Can a commercial, through sheer innovation and noble message, exceed its own status as a cheap marketing tool and become art? Or at the very least an important, buzz-worthy cultural artifact? “Onslaught,” Dove’s latest advert-cum-girlpower call to arms, sure gives it the old college try. It’s the follow-up to the legendarily creepy “Evolution,” which showed how an average-looking model is transformed, through the magic of beauty products and Photoshop, into a diva staring imperiously from a billboard ad.

Like its sister video, “Onslaught” isn’t meant for the TV airwaves, aside from snippets in the TV news stories you’ll see once it seeps that far into the mainstream. Both films were made by something called the “Dove Self Esteem Fund,” which smacks a bit of “scholarship competition,” but thankfully, only a little bit. (I’m totally getting the “My Beauty Rocks!” iron-ons!) Still, its overall message — that the “beauty industry” is coming for your little girls, and the other women in their lives can help them find ways to feel good about themselves which don’t include plucking, waxing, injecting, starving or otherwise manipulating our bodies — is delivered, helped along by decent music (Simian’s “La Breeze“).

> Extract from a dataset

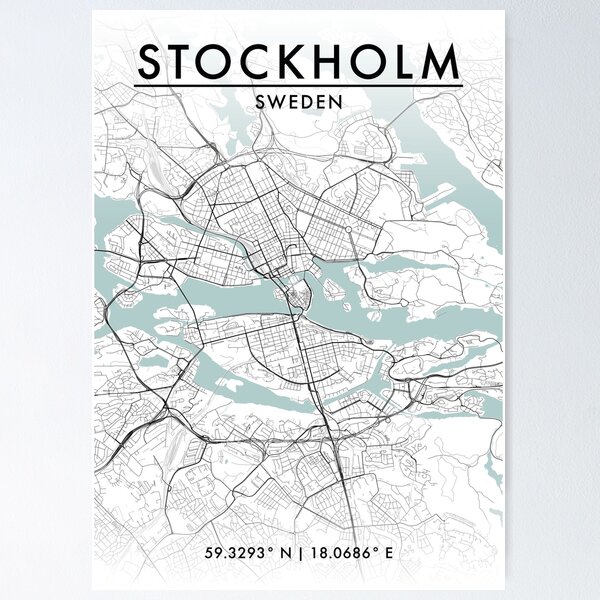 Artikel-Vorschau von Stockholmer Stadtplan, designt und verkauft von JLCDesign.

The video is clearly meant not for girls, but for the older women whose actions and attitudes about our own bodies leave fingerprints on theirs — and who, not coincidentally, buy the soap. It’s important not to forget that as powerful as the video is — and it is, horrifyingly so — the goal is not really to save your daughters or to make you feel good about yourself, it’s to steer you toward Dove products next time you go down the Health and Beauty Aides Aisle. Soap is essentially soap, and people buy it for reasons other than the fact that it cleans better than another brand. You select it from the two dozen other equally adequate soaps because because you have a coupon for it, or because you like the little scratchy bits of oatmeal, or because you think Irish cable-knit sweaters are sexy, or because it gives you a vaguely good feeling about yourself.

Still, Dove hasn’t ever really advertised itself as something that will make you more beautiful, just more possessing of baby-soft skin, though there are plenty of folks willing to call parent company Unilever a bunch of hypocrites. I’m over that.

Watching “Onslaught” again this morning, I kept thinking about another girl, roughly the same age as the strawberry-blond tween in the video, whom I’d seen on CNN about an hour before. This girl had been beaten up in a middle-school bathroom by the Mean Girl On Campus, while another one filmed the attack and promptly posted it on YouTube. Sitting next to the victim as she told the Tony Harris what happened was her big sister, there not so much to stick up for the girl but to be next to her while she stuck up for herself. That leaves fingerprints, too.